━━━━━ Material for this task ━━━━━
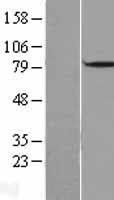 DBF4 Human Over-expression Lysates NM_006716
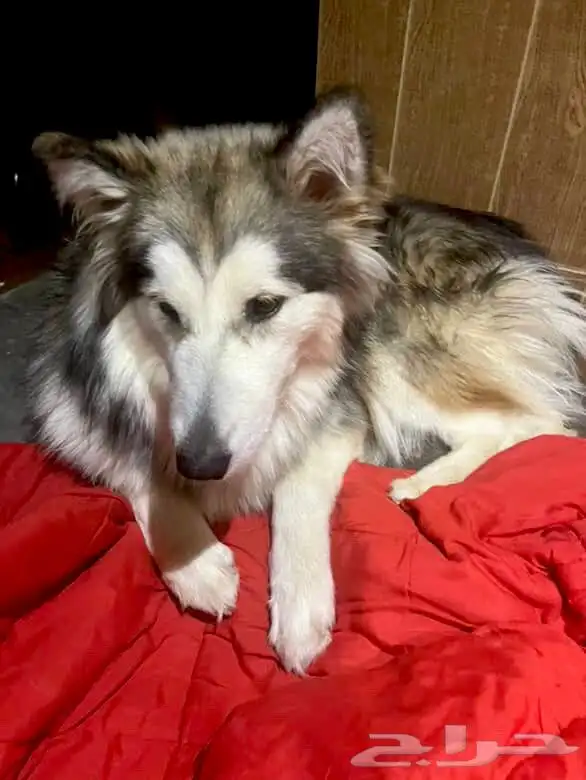 كلبة هاسكي ماليميوت 0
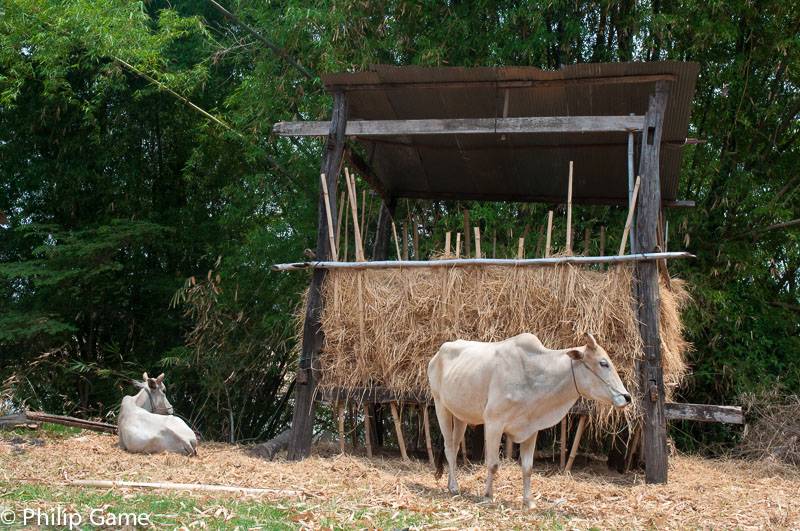 Fodder for farm cattle on Koh Trong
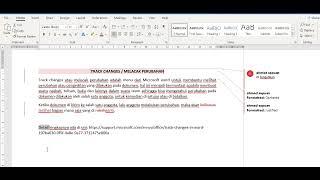 Track changes garis merah tegak lurus pada microsoft word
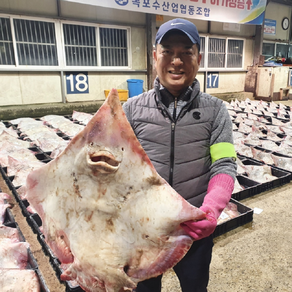 산지직송 프리미엄 국산 목포 흑산도 저온숙성 암수 삭힌 홍어 애 회 삼합 500g 1kg, 흑산도 홍어 1kg(+홍어애 증정, 중간 삭힘), 1개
━━━━━
What to work on » The complete material, set down exactly and stripped of pictures, is the expected response.

Answer below »
 DBF4 Human Over-expression Lysates NM_006716
 كلبة هاسكي ماليميوت 0
 Fodder for farm cattle on Koh Trong
 Track changes garis merah tegak lurus pada microsoft word
 산지직송 프리미엄 국산 목포 흑산도 저온숙성 암수 삭힌 홍어 애 회 삼합 500g 1kg, 흑산도 홍어 1kg(+홍어애 증정, 중간 삭힘), 1개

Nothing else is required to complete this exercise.